Academic Oncology, University of Nottingham, School of Molecular Medical Sciences, Nottingham University Hospitals NHS Trust, City Hospital Campus, Nottingham, UK.
Mod Pathol. 2012 Apr;25(4):493-504. doi: 10.1038/modpathol.2011.182. Epub 2011 Nov 11.
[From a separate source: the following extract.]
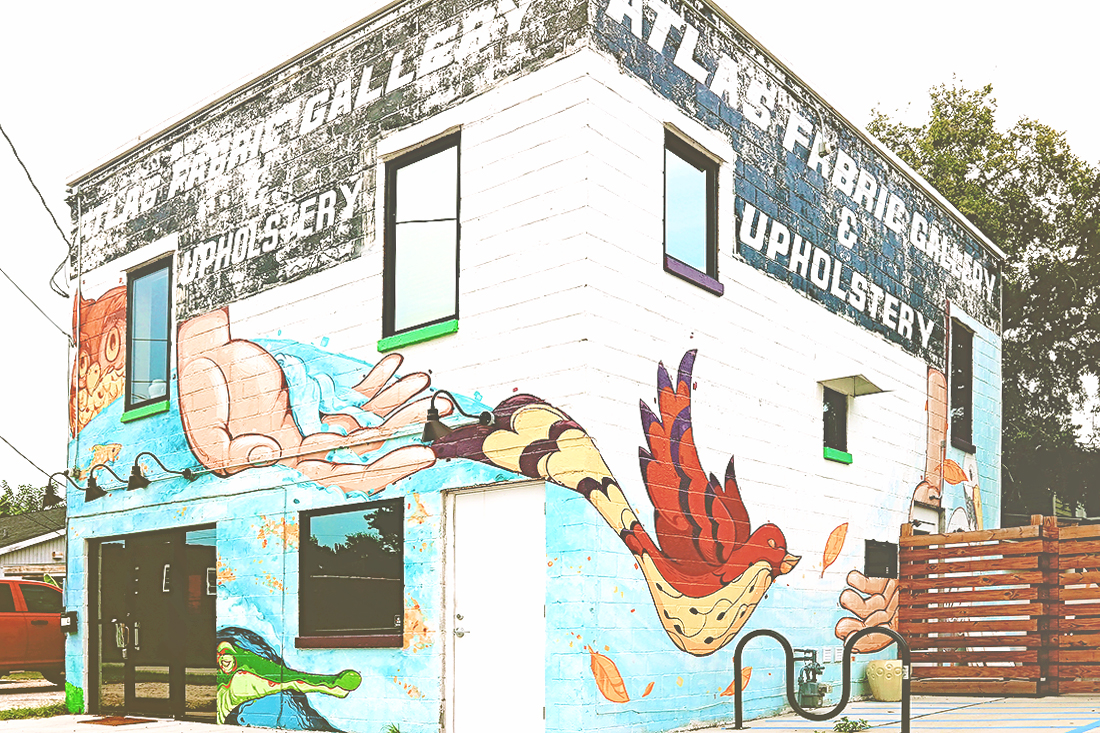 A colorful mural of showing a bird and nature scenes wraps three sides of a yoga studio in Savannah.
The aims of this study were to investigate the role of vascular invasion (blood and lymphatic), vessel density and the presence of tumour-associated macrophages as prognostic markers in 202 cutaneous melanoma patients. Sections of primary melanoma were stained with lymphatic-specific antibody D2-40 to assess lymphatic vessel invasion and density in intratumoural and peritumoural areas; an antibody against endothelial marker CD34 was used to determine blood vessel invasion and density, and an antibody against CD68 was used to determine macrophage counts. Immunohistochemically determined vascular invasion (combined blood and lymphatic) was compared with that determined using haematoxylin and eosin (H&E) staining. The use of immunohistochemistry increased detection of vascular invasion from 8-30% of patients, and histological exam of H&E-stained tissue was associated with a false positive rate of 64%. Lymphatic vessel invasion occurred at a much higher frequency than blood vessel invasion (27 and 4% of patients, respectively). Although immunohistochemically detected vessel invasion was significantly associated with histological markers of adverse prognosis, such as increased Breslow thickness, ulceration and mitotic rate (all P<0.001), no associations with relapse-free or overall survival were observed. High macrophage counts were significantly associated with markers of aggressive disease, such as Breslow thickness, ulceration and mitotic rate (P<0.001, P<0.001, P=0.005, respectively), and lymphatic vessel invasion and high microvessel density (P=0.002 and P=0.003, respectively). These results suggest that vascular invasion is more accurately detected using immunohistochemistry and occurs predominantly via lymphatic vessels. The association of vessel characteristics with histological characteristics of the primary melanoma provides evidence for their biological importance in melanoma, but that they were not associated with clinical outcome attests to the value of existing histological prognostic biomarkers. We note that a high macrophage count may be associated with neovascularisation and primary tumour growth, and may also promote invasion through lymphatic vessels.
本研究的目的是探究血管侵犯(血道和淋巴道)、血管密度以及肿瘤相关巨噬细胞作为 202 例皮肤黑色素瘤患者预后标志物的作用。对原发黑色素瘤切片进行淋巴管特异性抗体 D2-40 染色,以评估肿瘤内和肿瘤周围区域的淋巴道侵犯和密度;使用内皮标志物 CD34 抗体来确定血管侵犯和密度,并用 CD68 抗体来确定巨噬细胞计数。通过免疫组织化学确定的血管侵犯(血道和淋巴道联合)与苏木精和伊红(H&E)染色确定的血管侵犯进行了比较。免疫组织化学检测方法增加了血管侵犯的检出率,从 8%至 30%的患者中检出,而 H&E 染色组织的组织学检查与 64%的假阳性率相关。淋巴道侵犯的发生率远高于血管侵犯(分别为 27%和 4%的患者)。尽管免疫组织化学检测到的血管侵犯与不良预后的组织学标志物显著相关,如增加的 Breslow 厚度、溃疡和有丝分裂率(均 P<0.001),但与无复发生存或总生存无相关性。高巨噬细胞计数与侵袭性疾病标志物显著相关,如 Breslow 厚度、溃疡和有丝分裂率(P<0.001,P<0.001,P=0.005),以及淋巴道侵犯和高微血管密度(P=0.002 和 P=0.003)。这些结果表明,免疫组织化学检测血管侵犯更为准确,且主要通过淋巴道发生。血管特征与原发黑色素瘤的组织学特征相关,这为它们在黑色素瘤中的生物学重要性提供了证据,但它们与临床结局无关,这证明了现有组织学预后生物标志物的价值。我们注意到,高巨噬细胞计数可能与新生血管形成和原发肿瘤生长有关,也可能通过淋巴道促进侵犯。